He is arguably the most trending pastor in the country at the moment. He has likened himself to Nelson Mandela and Martin Luther King Jr. He suddenly shot into the nation’s wholesome glare last Tuesday when he led an edition of FDC’s ongoing weekly prayers for the country. Perhaps he is the reason that edition of the opposition party’s weekly prayer sessions captured the imagination of the entire country.
What only a few know, however, is that Pastor Happy Daniel Ngabo isn’t exactly a new player on the country’s political scene. Before he led the weekly FDC prayers, Pastor Ngabo had spent some time speaking out against what he perceives as excesses of the regime, writing on his Facebook wall and voicing his sentiments at the pulpit.
The pastor who moved hearts at that Tuesday prayer session moved guns as an adolescent. As a child soldier, he was part of the NRA’s 1981-1986 guerrilla struggle which brought the current regime to power. This is a part of his profile the pastor readily gives anyone who cares to hear about his background. He claims he enjoyed President Museveni’s favour during the Bush War.
After the NRA rebel outfit captured power, young Happy Ngabo returned to school, studying at Katikamu Light College before joining Kyambogo University. His life, however, began to take a turn for the worse around that time as he soon became a total nuisance who lost himself to alcohol, women and all other vices. Ngabo says in this period he also lived largely as a crook, primarily trading illegally in gold and diamonds filched from Congo. Sometimes he practised petty theft to survive.

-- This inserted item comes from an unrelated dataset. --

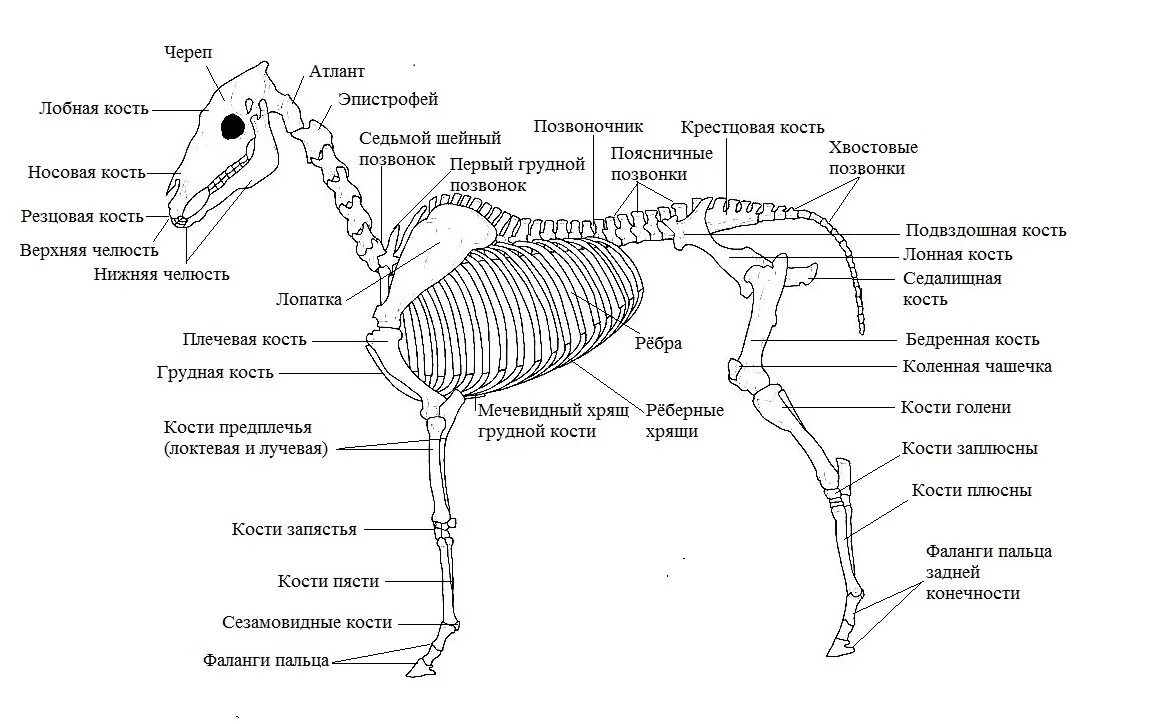 Хвостовой отдел в позвоночнике у млекопитающих. Скелет лошади строение. Строение скелета лошади анатомия. Скелет лошади с описанием костей. Осевой скелет лошади анатомия.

Then, it happened. Pastor Ngabo says it was while he sank deeper into self-annihilation, when one night, toward the turn of the millennium, Jesus appeared to him in person and turned his life around.
“No man preached to me,” the pastor says. “Jesus came and stood before me, without speaking a word but simply opening the Bible and showing me the scripture of Mathew 16, from verse 1. That scripture talks about the perverse generation that is looking for miracles but will be given none, rather only the sign of Jonah, and it was a message of my calling to be a vessel of revival in the church of my generation”.
Before he became a pastor with his own church, Ngabo spent some years as a roving evangelist until he founded Rock of Deliverance International Ministries in 2005, where he is lead pastor.
The pastor is married to Sandra K Ngabo, who is a fellow senior pastor at Rock of Deliverance International based at the church’s Dubai chapter, where she also runs a family trading business. The couple has several children.